Learning algorithm We use the CART (Breiman et al. 1984) algorithm to train decision tree classifiers (specifically the Scikit-learn implementation by Pedregosa et al. 2011). Empirically, we find decision tree classifiers perform sufficiently well and were fast, although not always producing the highest accuracy. For the three selected applications, other learning algorithms we tested could only marginally improve classification accuracy while incurring significant increases in computing cost, in many cases several magnitudes higher, compared to that of the decision tree classifier (see the Extra 1 experiment in the online Supplementary Materials for more details). In addition, a decision tree classifier is able to explain its classification with decision rules, which may provide useful clues to understand the correlation between an application’s provenance data and the interested data properties.

Balancing learning data To avoid producing biased classifiers, for datasets whose samples are unbalanced, we balance the input dataset \(I\) using the SMOTE method (Chawla et al. 2011), which oversamples the minority samples such that each label has roughly the same number of samples in \(I\).

Assessing accuracy In order to benefit from all the available labelled data, which are small in some cases, we use 10-fold cross-validation (Kohavi 1995).
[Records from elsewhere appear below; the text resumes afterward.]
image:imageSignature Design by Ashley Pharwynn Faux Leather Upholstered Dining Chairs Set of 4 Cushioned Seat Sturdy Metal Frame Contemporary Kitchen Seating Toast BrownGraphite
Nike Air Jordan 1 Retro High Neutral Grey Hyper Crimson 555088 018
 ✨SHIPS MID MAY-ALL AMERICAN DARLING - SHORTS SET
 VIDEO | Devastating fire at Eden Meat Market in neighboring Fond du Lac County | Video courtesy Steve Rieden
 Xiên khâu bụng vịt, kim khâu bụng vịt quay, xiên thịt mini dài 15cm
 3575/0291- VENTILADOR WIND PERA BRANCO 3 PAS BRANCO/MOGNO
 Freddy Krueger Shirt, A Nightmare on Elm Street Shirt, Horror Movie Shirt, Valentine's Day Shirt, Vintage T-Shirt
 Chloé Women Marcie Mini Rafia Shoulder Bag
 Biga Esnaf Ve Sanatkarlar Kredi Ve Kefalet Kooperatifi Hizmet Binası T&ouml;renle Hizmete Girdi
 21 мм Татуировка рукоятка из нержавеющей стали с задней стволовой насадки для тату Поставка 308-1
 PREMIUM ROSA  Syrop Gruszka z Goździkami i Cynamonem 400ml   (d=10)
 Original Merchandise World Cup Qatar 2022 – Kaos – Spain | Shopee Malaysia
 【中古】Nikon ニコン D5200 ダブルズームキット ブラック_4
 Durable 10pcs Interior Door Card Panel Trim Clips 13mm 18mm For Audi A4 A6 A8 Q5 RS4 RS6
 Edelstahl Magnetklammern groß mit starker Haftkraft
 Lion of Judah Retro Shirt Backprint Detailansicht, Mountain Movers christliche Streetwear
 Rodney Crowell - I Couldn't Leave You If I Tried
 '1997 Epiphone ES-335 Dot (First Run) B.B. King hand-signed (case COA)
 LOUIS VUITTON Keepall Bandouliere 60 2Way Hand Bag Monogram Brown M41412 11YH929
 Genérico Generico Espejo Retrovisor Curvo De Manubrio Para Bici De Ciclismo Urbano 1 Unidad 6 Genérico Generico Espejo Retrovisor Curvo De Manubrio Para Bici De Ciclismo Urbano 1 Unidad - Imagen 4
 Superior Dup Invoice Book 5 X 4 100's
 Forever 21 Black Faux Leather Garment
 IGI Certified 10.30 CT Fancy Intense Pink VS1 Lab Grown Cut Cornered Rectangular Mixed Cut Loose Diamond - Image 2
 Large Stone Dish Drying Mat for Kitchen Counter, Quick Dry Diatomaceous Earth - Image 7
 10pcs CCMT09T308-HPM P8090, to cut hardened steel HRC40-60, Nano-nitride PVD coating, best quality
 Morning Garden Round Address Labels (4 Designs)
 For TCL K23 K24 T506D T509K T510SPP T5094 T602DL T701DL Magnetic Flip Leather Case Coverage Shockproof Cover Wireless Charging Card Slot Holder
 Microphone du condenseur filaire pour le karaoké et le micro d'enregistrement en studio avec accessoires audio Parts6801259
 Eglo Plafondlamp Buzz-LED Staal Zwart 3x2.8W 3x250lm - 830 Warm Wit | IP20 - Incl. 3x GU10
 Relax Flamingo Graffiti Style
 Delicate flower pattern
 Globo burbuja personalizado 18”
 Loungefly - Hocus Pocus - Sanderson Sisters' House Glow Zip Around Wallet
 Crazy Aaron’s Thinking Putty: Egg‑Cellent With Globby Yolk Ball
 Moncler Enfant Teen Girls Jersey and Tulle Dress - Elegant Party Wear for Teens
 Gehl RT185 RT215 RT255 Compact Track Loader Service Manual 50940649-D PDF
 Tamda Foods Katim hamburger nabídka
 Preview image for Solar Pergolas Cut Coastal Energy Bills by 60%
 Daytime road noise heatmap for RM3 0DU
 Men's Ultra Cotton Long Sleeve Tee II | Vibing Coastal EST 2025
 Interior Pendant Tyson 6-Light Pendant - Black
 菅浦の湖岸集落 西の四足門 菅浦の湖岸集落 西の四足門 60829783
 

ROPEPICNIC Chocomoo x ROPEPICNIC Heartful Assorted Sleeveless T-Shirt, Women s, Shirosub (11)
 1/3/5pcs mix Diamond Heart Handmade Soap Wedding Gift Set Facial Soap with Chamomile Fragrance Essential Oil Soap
In particular, with \(I\) randomly split into 10 equal subsets, we perform 10 rounds of learning; on each round a \(\frac{1}{10}\) subset is held out as the test set and the remaining are used as training data. To further minimise the potential chance impact of random data splitting, we repeat the above cross-validation procedure 100 times, hence collecting 1000 accuracy scores in each experiment. We report the mean accuracy score alongside its 95% confidence interval in parentheses, for example, 98.13% (\(\pm \,0.01\% \)).

In addition to the accuracy of classifiers, we also evaluate the following.

Relevance of metrics From each round of learning in the cross-validation procedure, the trained classifier automatically calculates the relevance of each input feature (i.e. each of the 22 network metrics in Eq. 10) given the training data. In practice, this information will help us selectively reduce the number of metrics to be considered within a specific application (if required). We report the three most relevant network metrics for each application, i.e. those with the highest average relevance values.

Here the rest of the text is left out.